De esta simple aritmética se derivan dos cuestiones: el incremento de estatus de cada miembro europeo y de sus ciudadanos, por su pertenencia al conjunto, y las posibilidades de su proyección como actor político en esa esfera internacional, posibilidades en todo punto inexploradas.
Efectivamente, la esencia europea, su relato en este siglo XXI, consiste en una propuesta de civilización que transcienda los particularismos de las culturas, los nacionalismos, siempre en algún grado anclados en criterios de identidad que apelan más a los afectos y a los símbolos que a la racionalidad. El esquema de lo que aquí a muchos nos parece retrógrado: la deriva centrifuga de nacionalismos populistas se replica a nivel europeo- la única diferencia es la perspectiva espacial y temporal en el que se encuadra.
Los derechos fundamentales siempre son personales, del individuo, nunca colectivos o de grupos en particular y menos aún de territorios. Ahí quedan los derechos forales. Y como colofón la perfección jurídica del esquema de sociedad abierta: individuo, imperio de la Ley y gobierno democrático, le confiere una significación con pretensiones universalistas.

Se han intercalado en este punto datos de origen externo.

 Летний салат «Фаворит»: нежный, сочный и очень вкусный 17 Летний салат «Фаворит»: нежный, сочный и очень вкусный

Es por esto que la ideología liberal es tan afín a la globalización y ésta, en esencia el fenómeno más democrático de la modernidad. Por lo mismo, la mayor garantía de éxito del proceso es la interdependencia de intereses económicos (sirvan de ejemplo los 1,2 trillones de dólares que China tiene en bonos estadounidenses). En rigor, los nacionalismos desaforados, y cualquier soberanía chocando con la racionalidad ya lo es, encarnan las fuerzas centrifugas y son los enemigos velados de la civilización.
Pequeñas tribus europeas: la nostalgia del apego
Cada una de las grandes naciones europeas tiene su contribución histórica a ese proceso de civilización. Y cuesta desprenderse. La renuencia de Gran Bretaña a Europa responde sobre todo a la dificultad de aceptar que no caben prerrogativas sobre los rasgos más definitorios del orden liberal global, "liberalismo" o "libre mercado", en cuya formación han tenido un papel clave. De la misma manera que Grecia no tiene exclusividad alguna sobre el pensamiento racional, o Italia sobre la Ley, o España, peaje sobre los mares. Sencillamente porque no pueden, porque el alcance de su mérito es ya un patrimonio de todos.

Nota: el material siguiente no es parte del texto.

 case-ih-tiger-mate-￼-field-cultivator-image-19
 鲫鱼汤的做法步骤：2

Sobre Francia pende la carga de liderar intelectualmente el proceso de reconocer la superior entidad universalista de los derechos individuales- allí se produjo la primera Declaración de DDHH, sobre los colectivos- y de paso la superación de su propia soberanía nacional. Francia, que en los últimos dos siglos de modernidad se ha visto enajenada, casi irritada, frente a la preeminencia del mundo liberal anglosajón, quizá alcance a sospechar que en la resolución de esa tensión individuo-naciones podría optar a un papel más relevante y acorde con su legado.
Si el estadio actual de la crisis euro ha tenido una respuesta económica supeditando los Estados a las realidades fiscales, a la realidades bancarias, a las relaciones entre acreedor y deudor, y se ha hecho de la competitividad el criterio clave, falta la respuesta política institucional al Estado de bienestar que se quiera preservar. En esa mesa Francia por estructura económica y configuración del sector público, tiene una papel singular.

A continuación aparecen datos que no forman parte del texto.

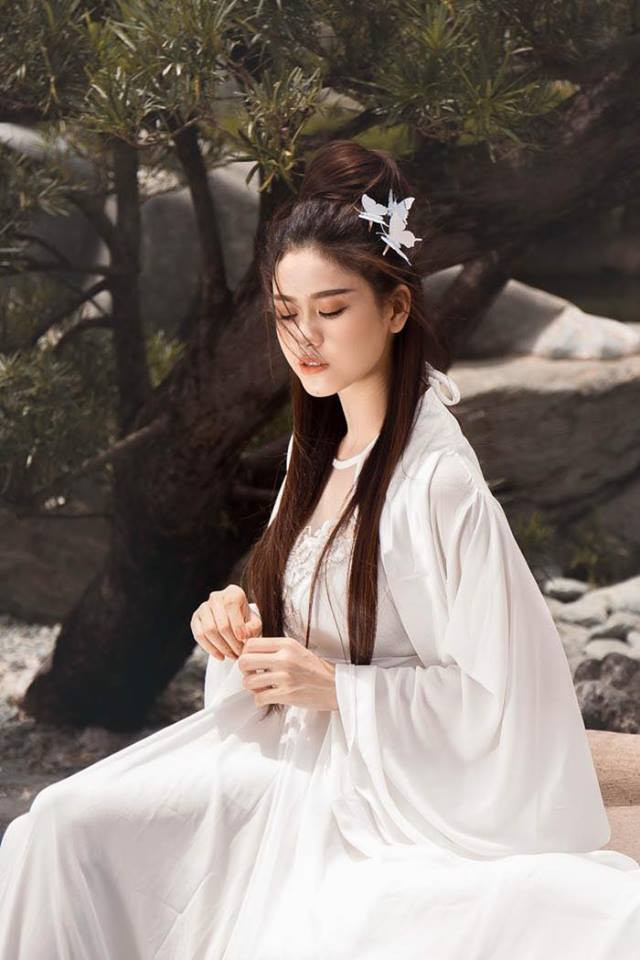 Trương Quỳnh Anh hóa thân thành nàng tiên đậm chất cổ trang.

Alemania, esa fuerza en bruto que en su momento ya fecundo Europa toda, como grupo ese paradigma de racionalidad y eficiencia, se enfrenta al mayor demonio de todos. Tras sucumbir en dos guerreas mundiales apocalípticas al sueño de identidad colectiva, se ve impelida a renunciar a si misma justo cuando se había rencontrado. Ciertamente tanto depende de la adscripción de todos los europeos al estándar superior de rigor de Ley que encarnan, como de ellos mismos a los preceptos del arquetipo de civilización, el papel de la unión fiscal y bancaria en completar la integración. Ya consumieron las mieles y hieles del romanticismo... Su vocación federalista suscita esperanza.
El futuro es para el que se lo trabaja
Uno de los rasgos más relevantes con los que se presenta Europa a este nuevo estadio de globalización es su edad. Es un continente demográficamente viejo y aunque políticas de inmigración puedan mitigarlo, la presión sobre el crecimiento le hará perder peso relativo. Pero por términos per cápita y por legado institucional las elites podrán agarrarse a su papel hegemónico por décadas. Esperemos que hagan buen eso de ello.
Quizá también sean capaces de evocar uno de los atributos mas distintivos de la vejez: la sabiduría, o la perspectiva del tiempo. Ciertamente se va a necesitar un acusado sentido histórico, del pasado más reciente (la génesis y las consecuencias de la actual crisis) y del más remoto (ese proyecto de civilización) para lidiar con la naturaleza de los retos que enfrentamos.
A pesar de toda la obsesión con que la época moderna vive la inmediatez y la complacencia frente al futuro lejano, esos retos están ya en cualquier libro de texto. La transición demográfica, la crisis medioambiental, la sostenibilidad económica, el paro estructural o la pobreza marginal son problemas para los que no hay ni incentivos privados, ni compromisos internacionales públicos suficientes.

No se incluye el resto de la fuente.